A nonmetabolized analog of phenytoin

Abstract

Nine novel analogs of 5,5-diphenylhydrantoin bearing a CF3 group(s) in the meta or para position of one or both rings were synthesized. Preliminary evaluation of all the analogs (performed by the ADD [Antiepileptic Drug Development] Program, NIH [National Institute of Health]) indicated no significant anticonvulsant activity against electrical or chemical shock in mice at doses of .ltoreq. 100 mg/kg. The analog 5,5-bis[4-(trifluoromethyl)phenyl]hydantoin (1) was synthesized labeled with 14C in the 4 position of the hydantoin ring. Certain physicochemical properties (pK[negative log of Ka], partition ratio, protein binding, etc.) and the LD50 of 1 in mice (40 mg/kg, i.p.; 100 mg/kg p.o. [per os]) were determined. The disposition of [14C]1 was determined in rodents. The compound was excreted unchanged in rat feces (94% in 18 days), urinary excretion < 0.5%. The half-life of elimination of [14C]1 from plasma was 67-72 h (i.p. and i.v.) in rats and 115 h (i.p.) in mice.

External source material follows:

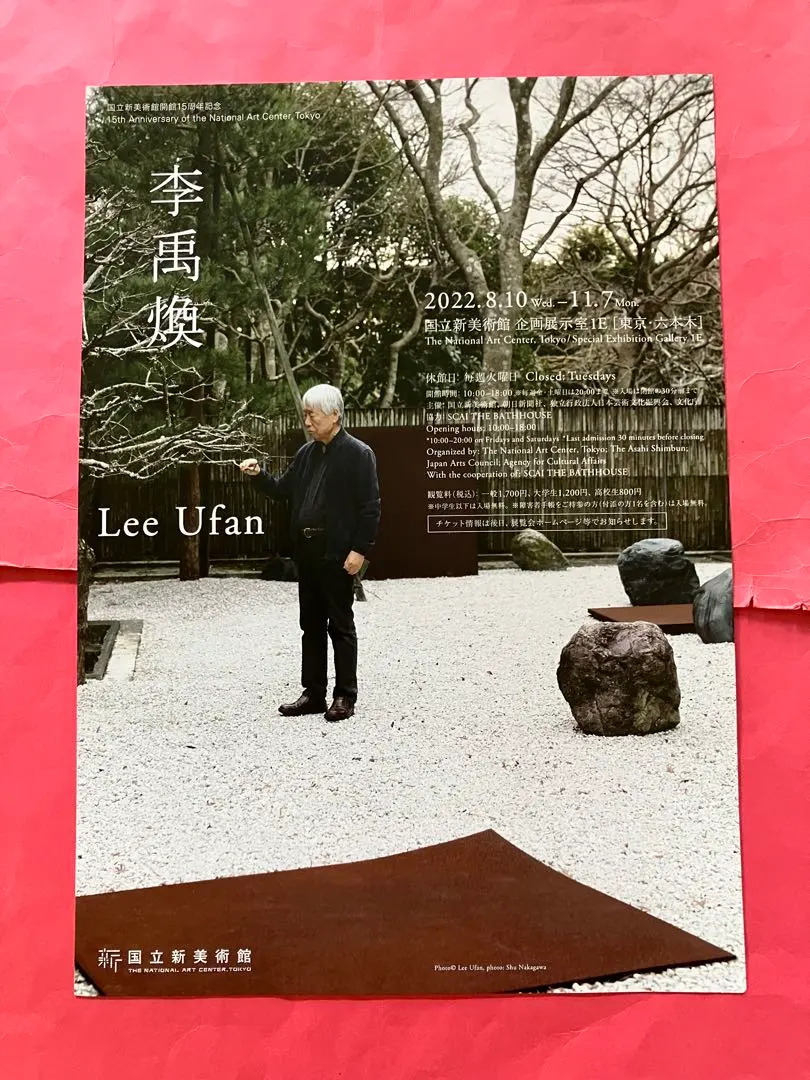 2026年最新】李禹煥 ポスターの人気アイテム - メルカリ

Studies of tissue distribution and biliary excretion of [14C]1 indicate low tissue/plasma ratios (due to high plasma binding, 97%) and low biliary excretion. The lack of metabolism of [14C]1 may possibly be explained by the strong electron-withdrawing effects of CF3 substituents, the preemption of the primary metabolic sites, the accompanying steric hindrance and the apparent inability of the CF3 group to undergo the NIH shift.